Examples of imidazoles that act as latent curing agents include, but are not limited to, 2,4-diamino-6-[2'-methylimidazolyl-(1')]-ethyl-s-triazine, 2-phenyl-4-methylimidazole, 2-phenyl-4-methyl-5-hydroxymethylimidazole, 2-phenyl-4-benzyl-5-hydroxymethylimidazole, 2-phenyl-4,5-dihydroxymethylimidazole, 2-paratoluyl-4-methyl-5-hydroxymethylimidazole, 2-paratoluyl-4,5-dihydroxymethylimidazole, 2-metatoluyl-4-methyl-5-hydroxymethylimidazole, 2-metatoluyl-4,5-dihydroxymethylimidazole, 1-cyanoethyl-2-phenylimidazole, and 1-cyanoethyl-2-phenylimidazolium trimellitate.

The epoxy resin composition according to the embodiment may contain optional components in addition to the epoxy resin component, diisocyanate component, polycarbonate diol component, and epoxy resin curing agent component.
Examples of optional components include, but are not limited to, antioxidants, internal mold release agents, low-profile agents, colorants, flame retardants, and modifiers made of rubber, elastomers, or thermoplastic resins.

The flame retardant that can be blended into the epoxy resin composition according to the embodiment is not particularly limited, but suitable examples include non-halogen flame retardants. Examples of non-halogenated flame retardants include, but are not limited to, inorganic phosphorus flame retardants such as red phosphorus, organic phosphorus flame retardants such as phosphate esters, organic phosphates, phosphonates, and phosphinates, nitrogen-based flame retardants such as triazine compounds, cyanuric acid compounds, and isocyanuric acid compounds, silicone-based flame retardants, inorganic flame retardants such as metal hydroxides and metal oxides, and organic metal salt-based flame retardants such as ferrocene and acetylacetone metal complexes.
In a preferred example, the epoxy resin composition according to the embodiment may contain either or both of an organic phosphorus-based flame retardant and a nitrogen-based flame retardant.

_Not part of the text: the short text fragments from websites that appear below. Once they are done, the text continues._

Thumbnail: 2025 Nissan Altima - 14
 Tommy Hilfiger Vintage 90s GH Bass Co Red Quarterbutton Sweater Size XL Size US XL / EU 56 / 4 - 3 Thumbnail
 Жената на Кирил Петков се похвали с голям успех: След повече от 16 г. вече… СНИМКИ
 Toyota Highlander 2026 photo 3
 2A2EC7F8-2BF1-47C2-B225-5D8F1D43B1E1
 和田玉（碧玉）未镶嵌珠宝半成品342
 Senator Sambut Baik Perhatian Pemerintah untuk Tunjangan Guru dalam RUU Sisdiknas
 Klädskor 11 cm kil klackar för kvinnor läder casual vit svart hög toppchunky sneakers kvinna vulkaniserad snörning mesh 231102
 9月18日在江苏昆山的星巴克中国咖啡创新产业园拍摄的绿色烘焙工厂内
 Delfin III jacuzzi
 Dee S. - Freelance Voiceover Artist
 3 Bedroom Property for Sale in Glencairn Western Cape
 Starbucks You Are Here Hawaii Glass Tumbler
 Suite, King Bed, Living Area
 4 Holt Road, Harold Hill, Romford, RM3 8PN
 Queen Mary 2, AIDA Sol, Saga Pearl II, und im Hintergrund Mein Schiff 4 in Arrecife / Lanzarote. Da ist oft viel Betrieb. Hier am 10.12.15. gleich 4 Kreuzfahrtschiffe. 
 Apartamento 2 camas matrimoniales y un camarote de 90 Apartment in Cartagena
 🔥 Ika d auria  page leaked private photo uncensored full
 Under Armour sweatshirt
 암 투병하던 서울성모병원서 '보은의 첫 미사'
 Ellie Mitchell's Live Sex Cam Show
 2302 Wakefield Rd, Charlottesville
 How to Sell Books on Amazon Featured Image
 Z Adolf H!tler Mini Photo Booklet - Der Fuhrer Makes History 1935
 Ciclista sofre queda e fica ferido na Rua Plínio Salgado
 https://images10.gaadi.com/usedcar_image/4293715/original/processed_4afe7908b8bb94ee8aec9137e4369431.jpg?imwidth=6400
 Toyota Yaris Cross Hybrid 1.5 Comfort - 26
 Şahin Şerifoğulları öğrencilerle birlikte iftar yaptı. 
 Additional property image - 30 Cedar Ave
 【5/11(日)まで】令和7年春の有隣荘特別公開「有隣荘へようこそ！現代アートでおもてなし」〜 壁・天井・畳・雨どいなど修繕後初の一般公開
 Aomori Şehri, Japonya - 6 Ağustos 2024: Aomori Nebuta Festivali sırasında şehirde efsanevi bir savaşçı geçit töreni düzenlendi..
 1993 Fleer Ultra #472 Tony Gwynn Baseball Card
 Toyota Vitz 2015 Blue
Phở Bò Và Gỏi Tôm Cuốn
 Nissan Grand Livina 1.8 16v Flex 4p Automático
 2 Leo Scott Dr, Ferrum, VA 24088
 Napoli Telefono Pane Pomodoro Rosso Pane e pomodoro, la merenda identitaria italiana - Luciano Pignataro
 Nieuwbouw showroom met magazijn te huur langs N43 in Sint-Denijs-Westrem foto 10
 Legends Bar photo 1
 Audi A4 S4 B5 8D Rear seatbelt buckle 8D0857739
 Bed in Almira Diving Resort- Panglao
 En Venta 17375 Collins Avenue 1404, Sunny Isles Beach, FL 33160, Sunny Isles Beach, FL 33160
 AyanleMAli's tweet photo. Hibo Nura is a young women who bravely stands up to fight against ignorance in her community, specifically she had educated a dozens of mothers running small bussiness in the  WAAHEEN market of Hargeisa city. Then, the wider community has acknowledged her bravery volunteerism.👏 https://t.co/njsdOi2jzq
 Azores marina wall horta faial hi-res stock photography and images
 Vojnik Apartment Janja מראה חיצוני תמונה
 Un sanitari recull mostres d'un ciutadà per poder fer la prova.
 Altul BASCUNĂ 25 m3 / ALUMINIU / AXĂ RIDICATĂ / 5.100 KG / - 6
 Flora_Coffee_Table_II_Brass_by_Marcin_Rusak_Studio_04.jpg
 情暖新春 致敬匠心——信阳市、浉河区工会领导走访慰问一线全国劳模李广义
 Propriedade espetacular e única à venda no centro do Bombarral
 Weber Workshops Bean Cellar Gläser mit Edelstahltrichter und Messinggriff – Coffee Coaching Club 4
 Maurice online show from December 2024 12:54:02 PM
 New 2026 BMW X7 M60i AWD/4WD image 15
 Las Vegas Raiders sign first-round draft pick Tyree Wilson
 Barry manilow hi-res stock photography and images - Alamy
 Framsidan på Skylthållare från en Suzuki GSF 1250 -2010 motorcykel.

2. Method for Producing Prepreg The epoxy resin composition according to the embodiment can be preferably used for producing a prepreg.
In the prepreg obtained by impregnating a fiber reinforcement material with the epoxy resin composition according to the embodiment, the reaction product between the diisocyanate component and the polycarbonate diol component acts to suppress a decrease in viscosity during heating, and therefore, it is expected that the amount of flash generated will be reduced when the prepreg is used in compression molding.

A prepreg using the epoxy resin composition according to the embodiment can be produced, for example, by a production method comprising the following steps 1 and 2.
(Step 1) A plurality of components including at least an epoxy resin component, a diisocyanate component, a polycarbonate diol component, and an epoxy resin curing agent component are mixed to prepare an epoxy resin composition according to the embodiment.
(Step 2) A fiber reinforcement material prepared in advance is impregnated with the epoxy resin composition prepared in Step 1 to form a composite.

For example, when the room temperature viscosity of the epoxy resin composition prepared in step 1 is 30 Pa·s or less, step 2 can be carried out without heating the epoxy resin composition in a room with an appropriate temperature range for work, between 17°C and 28°C. In this case, when the room temperature viscosity of the epoxy resin composition is 25 Pa·s or less, further 20 Pa·s or less, or even 15 Pa·s or less, the impregnation of the fiber reinforcing material in step 2 can be carried out more reliably and in a shorter time.

In step 2, to ensure that the fiber reinforcement is impregnated in a short time, the epoxy resin composition prepared in step 1 may be heated to reduce its viscosity. Such heating is carried out so that the temperature of the epoxy resin composition does not exceed 80°C, preferably 70°C, more preferably 50°C, and even more preferably 40°C. This is to prevent the epoxy resin curing agent component from initiating a curing reaction of the epoxy resin component.

The material of the fiber reinforcing material to be impregnated with the epoxy resin composition in step 2 is not particularly limited, but suitable examples include carbon fiber, glass fiber, and aramid fiber. Of these, carbon fiber is most preferred because of its low specific gravity and high strength.
The form of the fiber reinforcement material is not particularly limited, but typical examples include woven fabric, nonwoven fabric, and non-crimp fabric.
The fiber reinforcement may be a fiber mat that is deposited by scattering chopped fiber tows on a carrier film, and a prepreg using such a fiber mat as the fiber reinforcement is called a sheet molding compound.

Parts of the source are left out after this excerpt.